We revisit his catalog in light of recent reissues of 'Swordfishtrombones,' 'Rain Dogs,' 'Franks Wild Years,' ‘Bone Machine,’ and ‘The Black Rider’
Tom Waits in 2011 (photo: Michael Loccisano / Getty Images).

Tom Waits is perhaps the quintessential cult artist, despite recording for large labels alongside successful commercial acts for his entire career. Widely regarded as one of America’s finest songwriters, Waits is known for his harsh and gravely voice, eccentric production methods, and taste for exotic and obscure instrumentation. These attributes certainly make him an acquired taste — one without anything resembling a radio hit in 50 years of music making. 

Born in Whittier, Ca., in 1949, Waits began performing a Bob Dylan-heavy repertoire in Hollywood clubs in the early ‘70s and recorded a series of albums as an off-kilter jazz crooner for Asylum Records. In the early ‘80s, Waits married Kathleen Brennan, who would become a co-writer, co-producer, and co-conspirator on much of his greatest work, including an informal trilogy of classic albums for Island Records: 1983’s Swordfishtrombones, 1985’s Rain Dogs, and 1987’s Franks Wild Years

Waits never became a rock star in the traditional sense, and his albums and tours have become more sporadic since the mid-‘90s. Big names such as Bruce Springsteen, Rod Stewart, and Bob Seger have covered his songs, and respected filmmakers such as Francis Ford Coppola and Jim Jarmusch have asked Waits to score their movies and even act in them. Although no single Waits release has gone platinum, he’s sold more than four million albums over the course of his career and won eight Grammy awards. 

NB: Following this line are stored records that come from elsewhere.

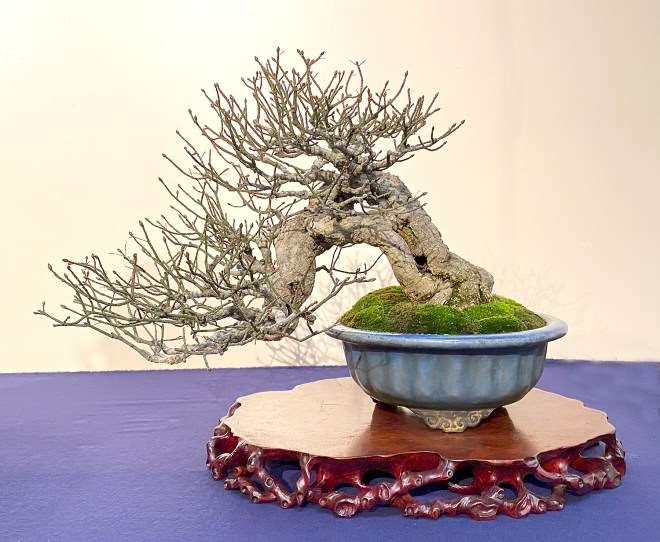 2020年第94届国府盆景展第4部分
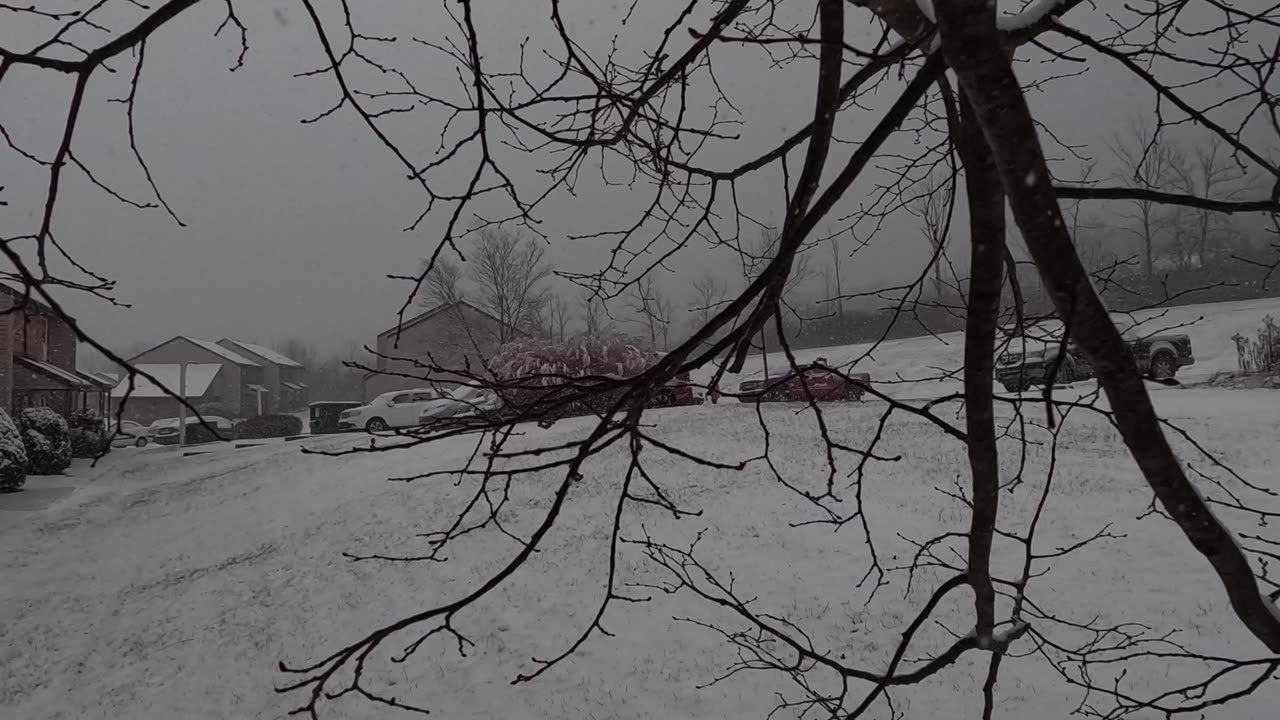 Snow Fall January 6th 2024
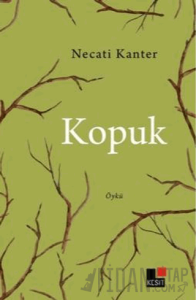 Kopuk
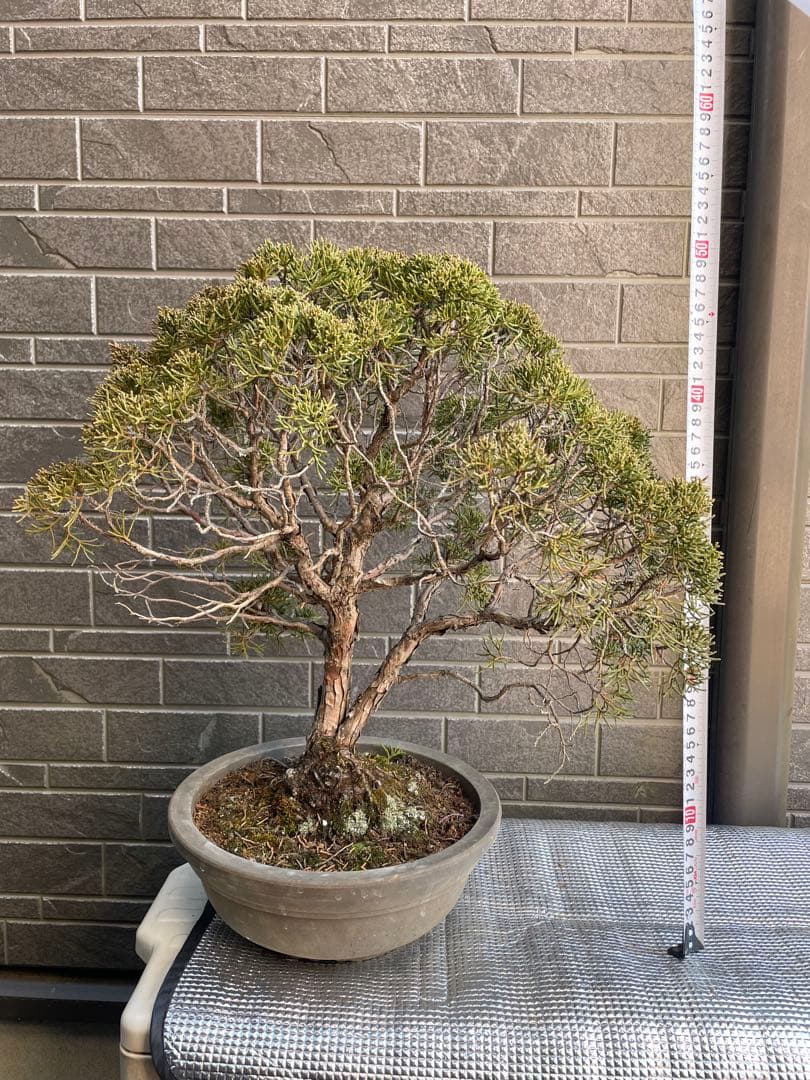 28日まで大幅値引き❗️早い者勝ち❗️真柏 中品盆栽 五葉松/黒松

This month, Waits began a reissue campaign with remastered vinyl and CD editions of his Island releases from the ‘80s and ‘90s, including Swordfishtrombones, which recently turned 40. It’s as good a time as any to revisit he very best records in Waits’s sprawling discography.

22. One from the Heart with Crystal Gale (1982)

Francis Ford Coppola’s 1982 film One from the Heart was his first serious flop, after The Godfather and Apocalypse Now made him one of the most celebrated filmmakers of the 1970s. It was the first of four Coppola films to feature an appearance by Waits, who made an acting cameo and scored the movie. One For the Heart was far more fortuitous for Waits than Coppola – the score won an Oscar, and on the set Waits became close with his future wife, Kathleen Brennan, who was an assistant story editor. The soundtrack may be the only overproduced album in the Waits catalog, a sentimental set of songs lacking the disarming intimacy of his best piano ballads. Crystal Gayle, the younger sister of Loretta Lynn who became a pop country star in the late ‘70s, sings beautifully on half the tracks, and while there’s a novelty to the oil-and-water contrast of their duets, there’s no real chemistry between them as vocalists.

21. Night on Earth (1992)

Jim Jarmusch is another renowned filmmaker who befriended Waits in the ‘80s and has cast the singer in several features over the years, from 1986’s Down by Law to 2019’s The Dead Don’t Die. In 1991, Waits scored Jarmusch’s Night on Earth, a collection of vignettes about taxi drivers and their passengers that starred Winona Ryder and Rosie Perez. Waits only sings on three tracks on the otherwise instrumental soundtrack, so if you detest his voice but enjoy the creepy pump organ grooves of his mid-period albums, this may be the album for you. Otherwise, it’s whimsical background music, made to waft unobtrusively below film dialogue. 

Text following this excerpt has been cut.